Hat der FDP-Vorsitzende mit dem neuen Thema Wachstum die Steuersenkungen ad acta gelegt?
Rösler Dem Bundesrat liegt ein Gesetz vor, mit dem die Koalition die kalte Progression, also die schleichende Steuererhöhung für Arbeitnehmer bei Lohnsteigerungen, abmildern will. Leider blockieren SPD und Grüne diese notwendige Korrektur. Wer es ernst meint mit Steuergerechtigkeit, muss diesem Vorschlag zustimmen. Wenn Frau Kraft und die SPD dem Vorschlag zustimmen, dann ist die Mehrheit da. Ich kann mir nicht vorstellen, dass die SPD eine solche Blockade den Arbeitnehmern und Facharbeitern am Werkstor erklären kann. Ein Teil dieser Korrektur ist übrigens vom Verfassungsgericht vorgegeben.
Ihr Generalsekretär Patrick Döring will auch die Pendlerpauschale erhöhen. Wie ist das mit der soliden Finanzpolitik vereinbar, die Sie predigen?
Rösler Der Staat hat durch die höheren Benzinpreise unbestritten zusätzliche Einnahmen.

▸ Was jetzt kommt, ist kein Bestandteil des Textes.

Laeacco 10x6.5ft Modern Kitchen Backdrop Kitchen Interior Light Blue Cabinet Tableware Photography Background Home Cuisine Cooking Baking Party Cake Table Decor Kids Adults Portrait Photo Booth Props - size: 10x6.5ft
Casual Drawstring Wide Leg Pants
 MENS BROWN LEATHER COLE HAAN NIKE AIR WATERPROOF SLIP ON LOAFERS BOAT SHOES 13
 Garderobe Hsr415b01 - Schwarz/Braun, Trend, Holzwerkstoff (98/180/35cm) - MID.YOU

Wir sollten prüfen, wie hoch diese zusätzlichen Einnahmen sind. Ich bin dann dafür, dieses Geld an die Bürger zurückzugeben, die von den hohen Preisen besonders betroffen sind. Das sind die Pendler, die mit zu den Leistungsträgern zählen. Eine maßvolle Anhebung ist hier das geeignete Instrument. Dass kann haushaltsneutral umgesetzt werden.
In NRW will die FDP mit einem strikten Anti-Schulden-Kurs punkten und verspricht keine neuen Schulden. Ist das seriös?
Rösler Es muss eine Generation geben, die anfängt, Schulden abzubauen. Die FDP hat, beginnend mit unserem Dreikönigstreffen zu Beginn des Jahres, das Thema Konsolidierung der Haushalte neben einer Wachstumspolitik in den Mittelpunkt gestellt. Ziel der FDP ist es, bereits 2014 einen ausgeglichenen Bundeshaushalt vorzulegen. Dass Haushaltskonsolidierung erfolgreich möglich ist, zeigen Länder mit liberaler Beteiligung wie Sachsen oder Bayern. In NRW gab es im vergangenen Jahr Rekordsteuereinnahmen. Trotzdem legt Rot-Grün einen Haushalt mit deutlich über drei Milliarden Euro neuen Schulden vor. Das ist das Gegenteil von seriöser Finanzpolitik. Hier müssen wir gegensteuern. Niemand in Nordrhein-Westfalen steht so konsequent für den Abbau von Schulden wie unser Spitzenkandidat Christian Lindner. Und niemand kämpft so leidenschaftlich für die Aufnahme der Schuldenbremse in die Landesverfassung wie die FDP.
In Schleswig-Holstein und NRW profilieren sich die Spitzenkandidaten gegen die Bundespartei und gegen Sie. Wie gehen Sie damit um?
Rösler Das sehe ich anders. Wir sind inhaltlich auf einer Linie und werben für den Abbau von Schulden und eine wachstumsorientierte Politik.
Sie stehen als Parteivorsitzender seit Monaten in der Kritik. Beobachter sagen, Sie sind misstrauischer geworden und haben im Amt ihre Natürlichkeit verloren.
Rösler Das mögen andere beurteilen. Aber es ist doch klar, dass ich als Vizekanzler und Bundesvorsitzender eine andere Verantwortung habe als früher. Die Verantwortung ist hoch, immerhin treffe ich Entscheidungen, die Auswirkungen auf Millionen Menschen haben. Ich gehe die Dinge mit Respekt und einem Grundvertrauen in meinen Kompass an. Ich habe meinen Weg als Parteichef und als Minister gefunden. Und ich habe noch viel vor.
Michael Bröcker fasste das Gespräch zusammen.